• _Data excerpt_
************

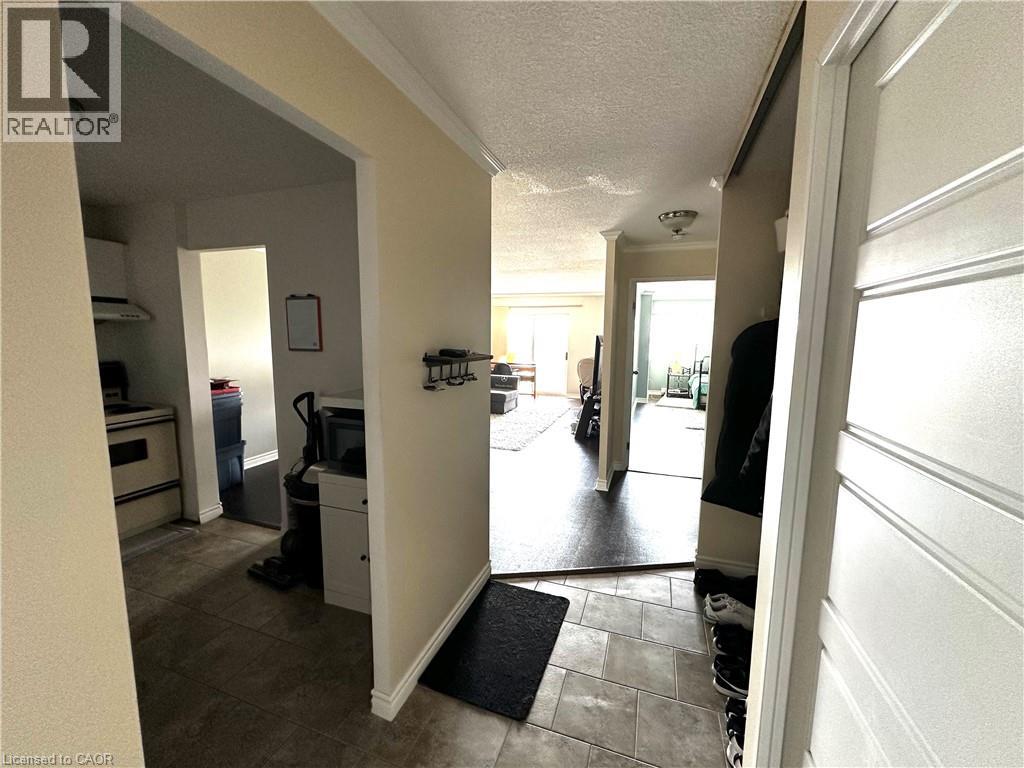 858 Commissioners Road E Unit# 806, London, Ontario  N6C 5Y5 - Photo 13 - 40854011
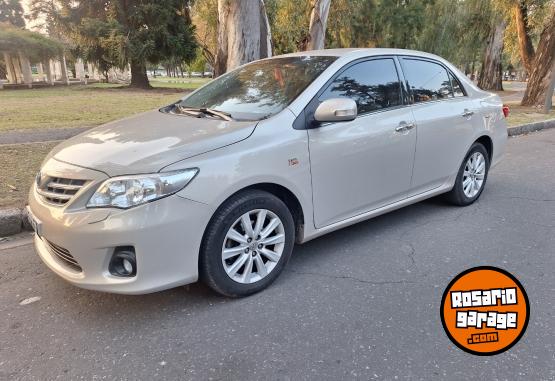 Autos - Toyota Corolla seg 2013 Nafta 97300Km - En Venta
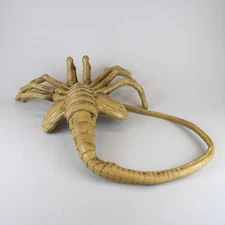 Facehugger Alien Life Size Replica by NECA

************

• _Task goal_
Ignore the images and quote every line of the listing exactly.

• _Answer area_
 858 Commissioners Road E Unit# 806, London, Ontario  N6C 5Y5 - Photo 13 - 40854011
 Autos - Toyota Corolla seg 2013 Nafta 97300Km - En Venta
 Facehugger Alien Life Size Replica by NECA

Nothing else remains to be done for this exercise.